La palabra corresponde a Maximiliano Benadia, entrenador nacional de BMX Freestyle en los últimos Juegos Olímpicos, cuando el protagonista fue José "Maligno" Torres.
Hoy, 18 meses después de semejante hazaña, el rider cordobés se atrebió a tatuarse para siempre lo obtenido, con una decisión muy especial y un contenido particular.
El cordobés pasó por Vixen Tattoo junto a su hermano Francisco, también atleta, a quien considera fundamental en cada logro.
"Este tatuaje con mi hermano significa más que los símbolos olímpicos y un sueño.
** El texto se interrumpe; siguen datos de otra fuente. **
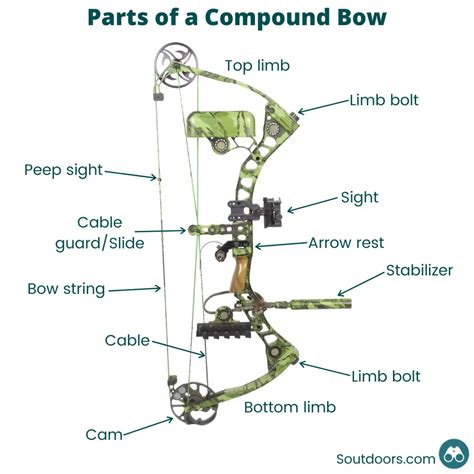 39 how to string a compound bow diagram - Diagram Online Source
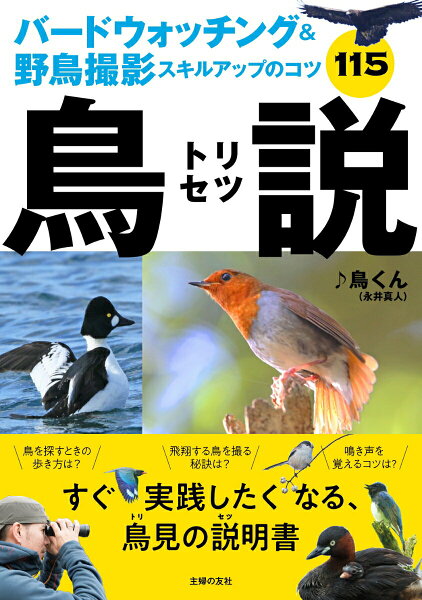 【中古】鳥説 バードウォッチング＆野鳥撮影スキルアップのコツ１１/主婦の友社/♪鳥くん（単行本（ソフトカバー））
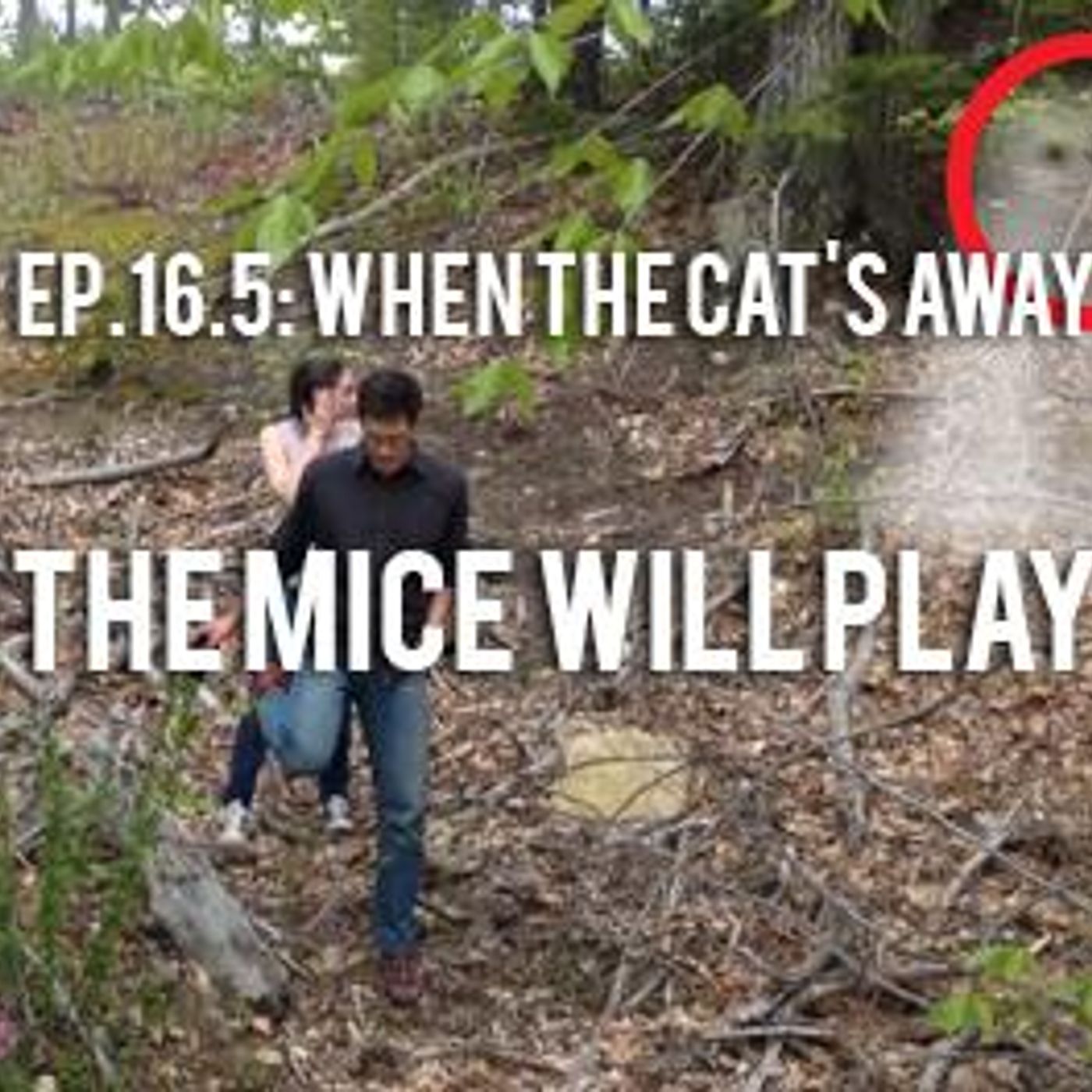 When the Cat's Away, The Mice Will Play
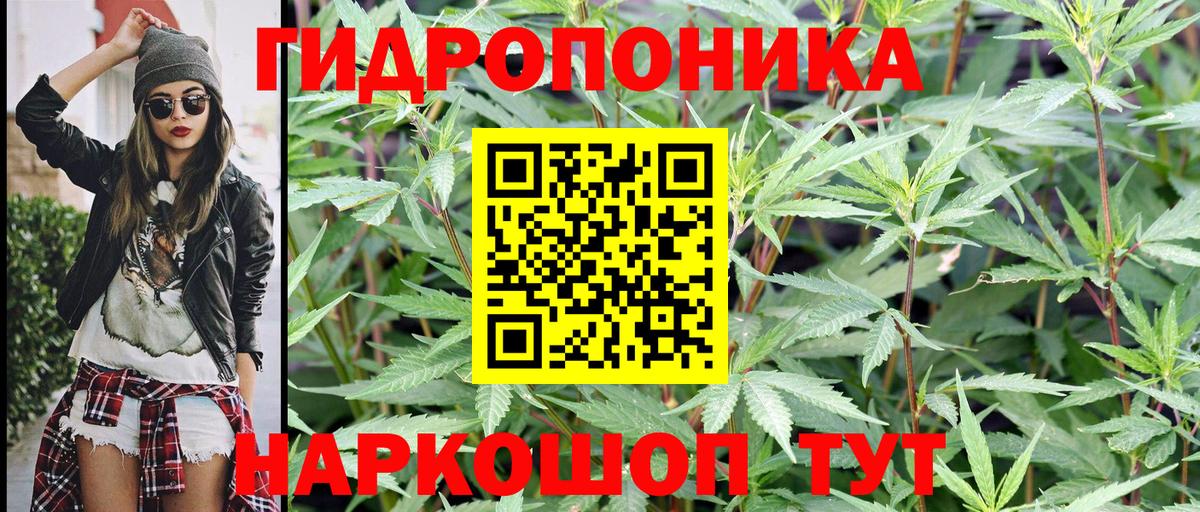 Шишки марихуана Amnesia Волжск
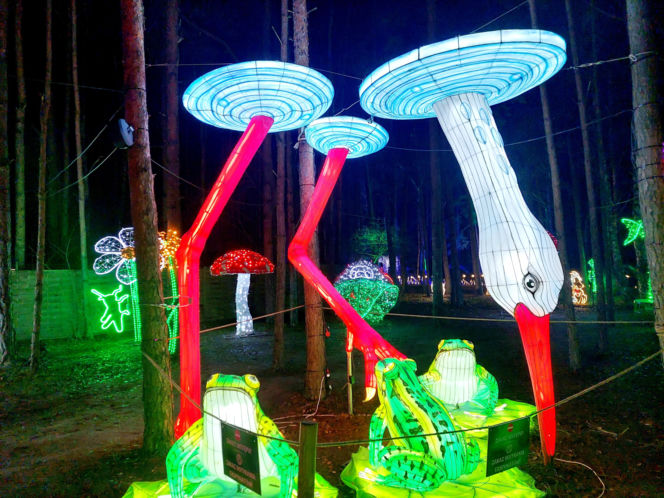 Lumina Park Bydgoszcz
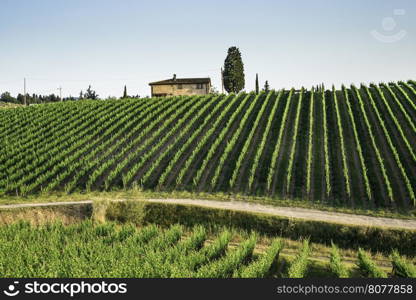 Vineyards in Tuscany. Farm house.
Después de vivir los Juegos no me animaba a hacérmelo, luego entendí que es el resultado de años de lesiones, sacrificio, constancia y fe", describió Maligno.
"Ahora esto me ayudará a motivarme cuando el momento sea difícil. Mi hermano también fue fundamental en estos logros", resumió.
Junto a los anillos, que José eligió hacérselos con los colores oficiales y su hermano en negro, ambos se tatuaron "94.82".
Esa cifra fue el puntaje obtenido en la capital francesa, más precisamente en la plaza de La Concorde, cuando en su primera pasada sumó 94.82 puntos sobre 100 posibles. Una verdadera locura, por el momento y por el nivel.
De hecho, aquella primera salida no fue superada por los restantes ocho atletas que también disputaron la gran final del 31 de julio de 2024.
La segunda salida de Maligno fue de 92.12... pero ya no era necesario más.
"Fui cambiando los objetivos: el primero era estar en los Juegos, el segundo entrar en la final y una vez ahí, cambió todo. Armé mi ronda sabiendo que si lograba hacerla iba a entrar al podio. Cuando la hice me sentí satisfecho y le metí presión al resto", le contó aquella calurosa tarde parisina a La Nueva.
"Es un deporte muy subjetivo, de mucha apreciación. Los jueces valoraron mucho los trucos que hice de una rampa a otra, cayendo prolijo. Eso me sumó muchísimo. Lo hice en las dos tandas, pero la primera fue mucho más prolija", dijo el cordobés a propósito de los transfers en los que literalmente voló. Y que ahora quedarán inmortalizados en su piel.